[Crawled caption data]
------------------------
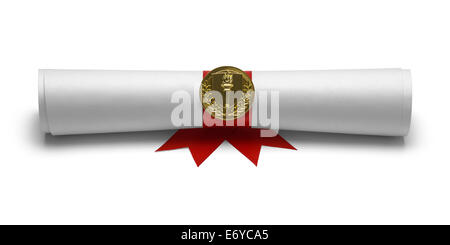 Diploma with Red Ribbon and Torch Seal Front View Isolated on White Background. Stock Photo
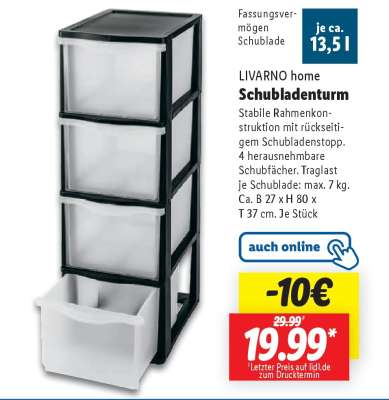 LIVARNO home Schubladenturm
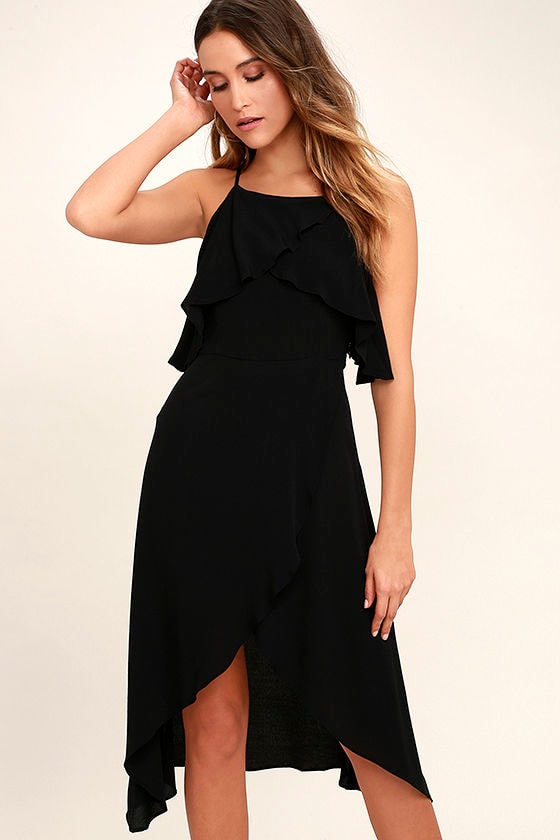 Black High Low Halter Dress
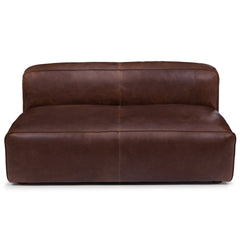 56" Leather Loveseat - Brown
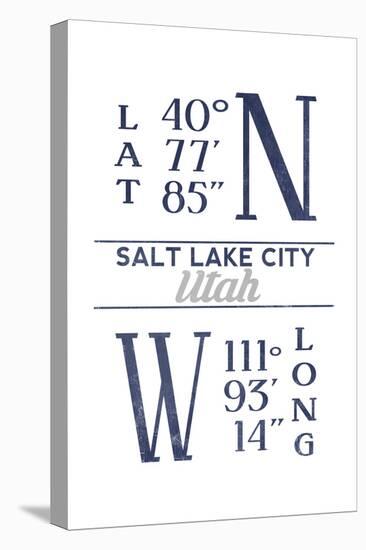 Salt Lake City, Utah - Latitude and Longitude (Blue)-Lantern Press-Stretched Canvas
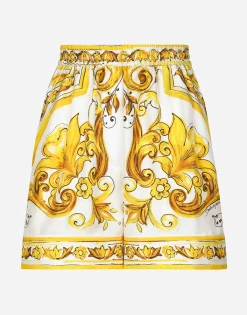 Silk twill shorts with majolica print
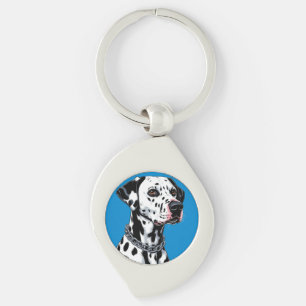 Porte-clés Portrait de Dalmatien sur fond bleu
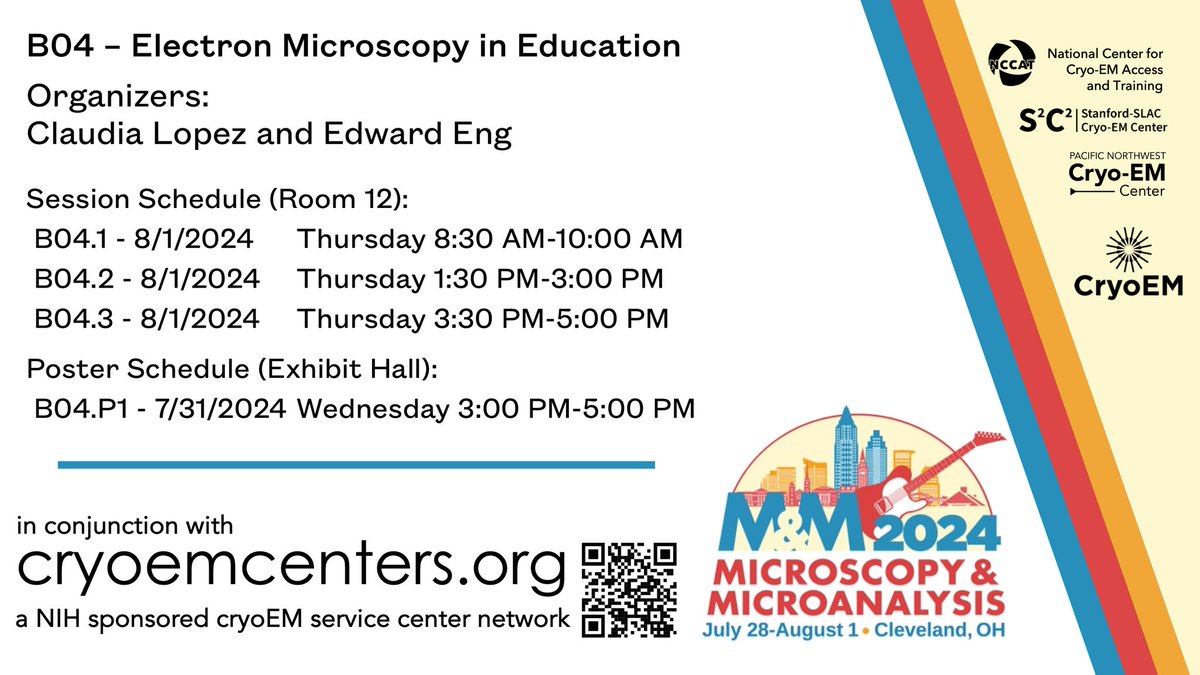 The #MM2024 EM in Education symposia starts today. Hope you caught the posters yesterday. 

How do you support a community of biomedical researchers using #cryoEM and #cryoET? By ensuring a sustainable ecosystem through outreach, training and education. 

cryoemcenters.org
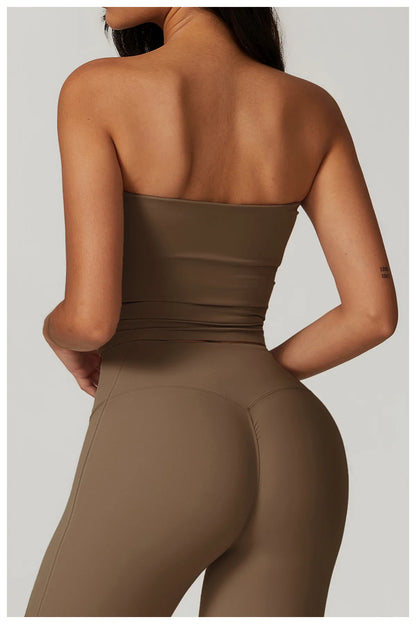 Custom LOGO Women's Strapless Tube Top Sexy Back Sports Underwear Women's Shockproof Quick-Drying Fitness Yoga Top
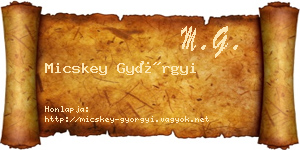 Micskey Györgyi névjegykártya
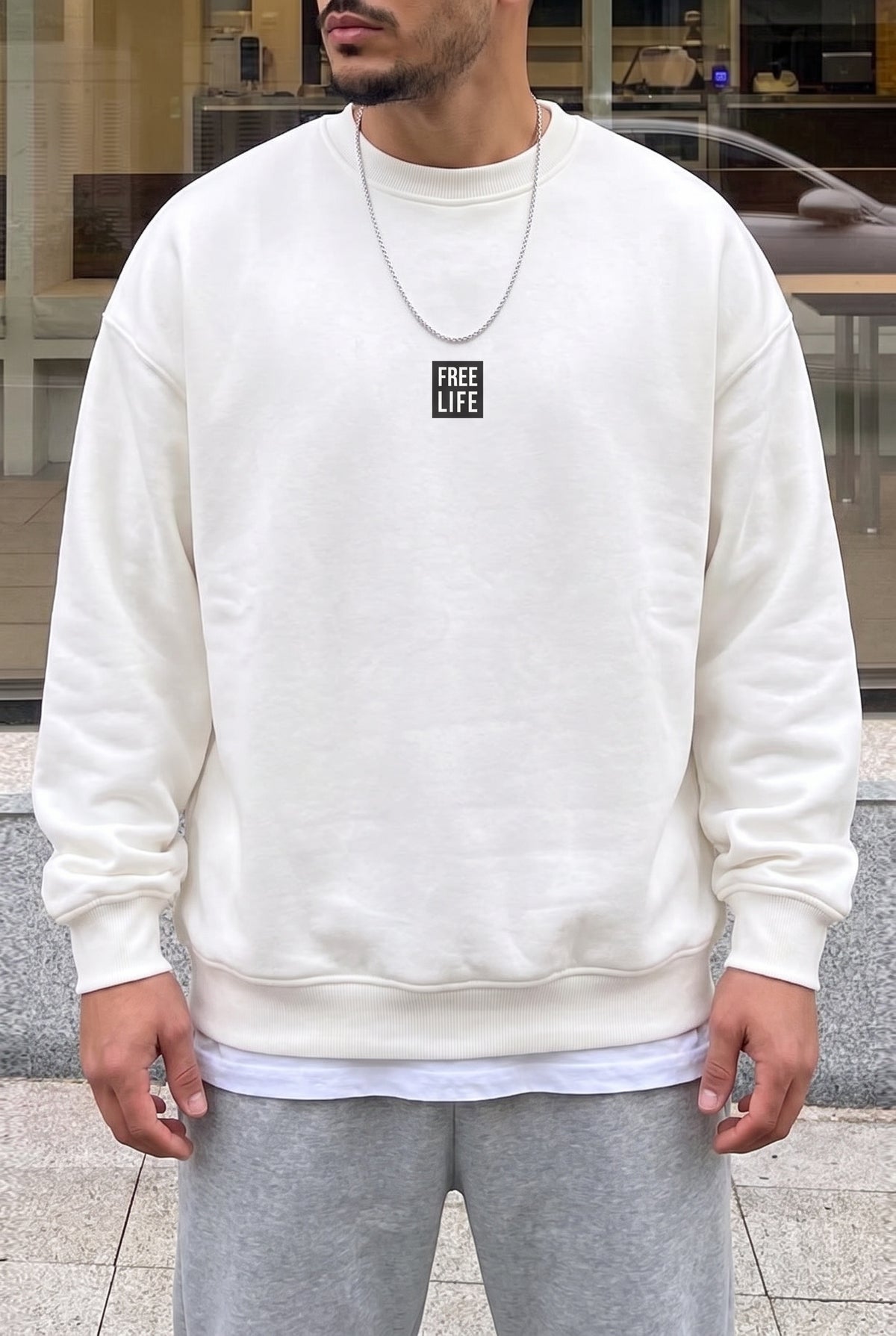 Erkek Ekru Free Life Baskılı Kalın Soft 3 İplik içi Şardonlu 0 Sıfır Yaka Oversize Salaş Sweatshirt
------------------------
The complete set of records should be written out again, pictures excluded.

 Diploma with Red Ribbon and Torch Seal Front View Isolated on White Background. Stock Photo
 LIVARNO home Schubladenturm
 Black High Low Halter Dress
 56" Leather Loveseat - Brown
 Salt Lake City, Utah - Latitude and Longitude (Blue)-Lantern Press-Stretched Canvas
 Silk twill shorts with majolica print
 Porte-clés Portrait de Dalmatien sur fond bleu
 The #MM2024 EM in Education symposia starts today. Hope you caught the posters yesterday. 

How do you support a community of biomedical researchers using #cryoEM and #cryoET? By ensuring a sustainable ecosystem through outreach, training and education. 

cryoemcenters.org
 Custom LOGO Women's Strapless Tube Top Sexy Back Sports Underwear Women's Shockproof Quick-Drying Fitness Yoga Top
 Micskey Györgyi névjegykártya
 Erkek Ekru Free Life Baskılı Kalın Soft 3 İplik içi Şardonlu 0 Sıfır Yaka Oversize Salaş Sweatshirt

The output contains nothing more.